■ HOW TO COMPLETE THIS TASK: Could you restate the data word for word and drop the pictures?
[INFORMATION SUPPLIED — start]
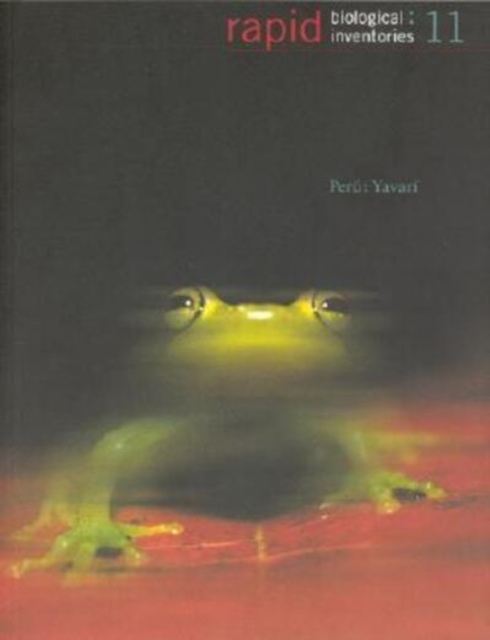 Peru : Yavari, Paperback / softback Book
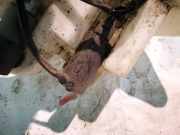 Waschwasserpumpe Scheibenreinigung Toyota Auris, I E15 2006.10 - 2012.10 Gebraucht,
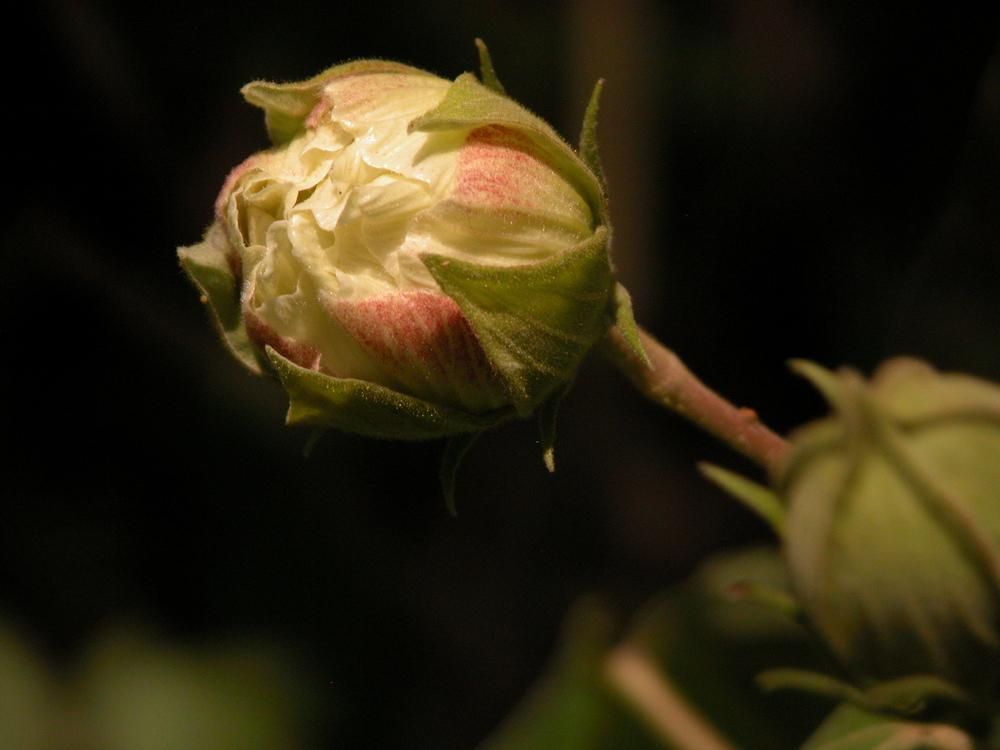Photo of Confederate Rose (Hibiscus mutabilis) uploaded by Seedfork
[INFORMATION SUPPLIED — finish]
■ SOLUTION FOR THIS PROBLEM:
 Peru : Yavari, Paperback / softback Book
 Waschwasserpumpe Scheibenreinigung Toyota Auris, I E15 2006.10 - 2012.10 Gebraucht,
Photo of Confederate Rose (Hibiscus mutabilis) uploaded by Seedfork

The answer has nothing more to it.